Originally created 12/13/02

Panel calls for improved indigent defense system



ATLANTA - Georgia's legal defense system for the poor is a patchwork mechanism that produces checkered results and fails to defend their basic constitutional rights, a commission warned the state's top court Thursday.

The panel called for a state-funded, state-managed public defender system to replace an assortment of programs now run by counties and funded primarily through local tax dollars.

Chief Justice Norman Fletcher of the state Supreme Court, which appointed the panel two years ago, called the recommendations "a historic moment in the life of the court."
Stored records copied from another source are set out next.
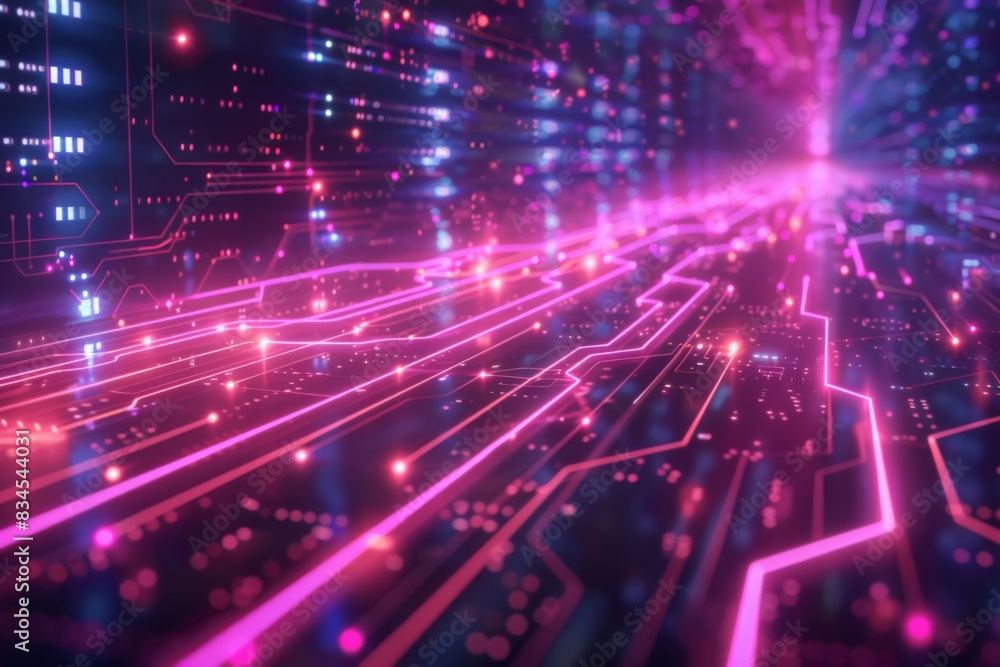 Obraz premium Cyber Security Data Transfer illustration created with Generative AI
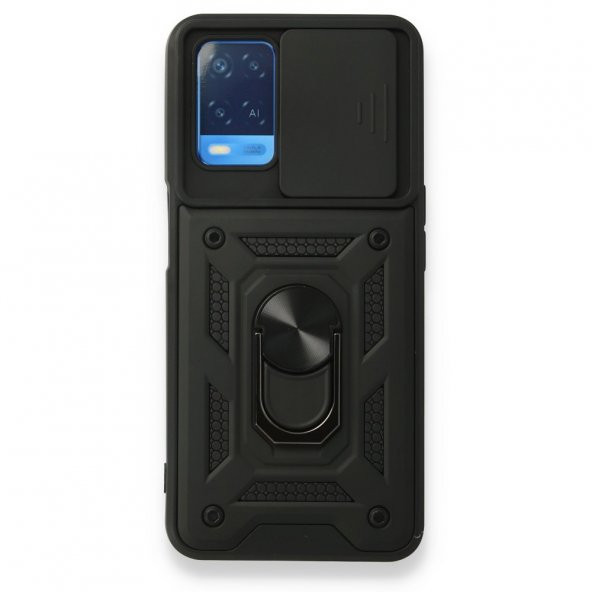 Oppo A54 4G Kılıf Pars Lens Yüzüklü Standlı Silikon Kılıf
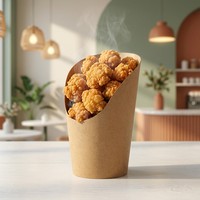 Gobelet à collation en papier kraft recyclable, gobelet à charcuterie jetable incliné, imprimé sur mesure pour frites, chips, crème glacée, aliments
He said Georgia cannot afford to allow the report to gather dust, and he urged commission members, lawyers, judges and activists to push state leaders to adopt the recommendations.

Gov.-elect Sonny Perdue, who will be faced with cutting the state budget in January because of months of weak tax collections, sent attorney Bruce Bowers to listen to the presentation of the report.

"There's no question about the importance of the work they've done, but without having a chance to look at it and study the budget implications of it, any kind of comment, as you know, is going to be premature," Mr. Bowers said.

Key policymakers have warned for years that the state risks a federal lawsuit and costly corrective action unless it finds a better way to provide legal representation for the nearly 80 percent of criminal defendants too poor to hire a lawyer.

Lawyers assigned to poor clients often are swamped with cases, critics contend, and are forced to hustle through the cases with little preparation.

The commission's report relied in part on a study by a Massachusetts consulting company, the Spangenberg Group, which sent researchers to 19 of the state's 159 counties and conducted interviews with hundreds of officials statewide.

The group found that none of the 19 counties provided sufficient funds to assure quality representation to all indigent defendants.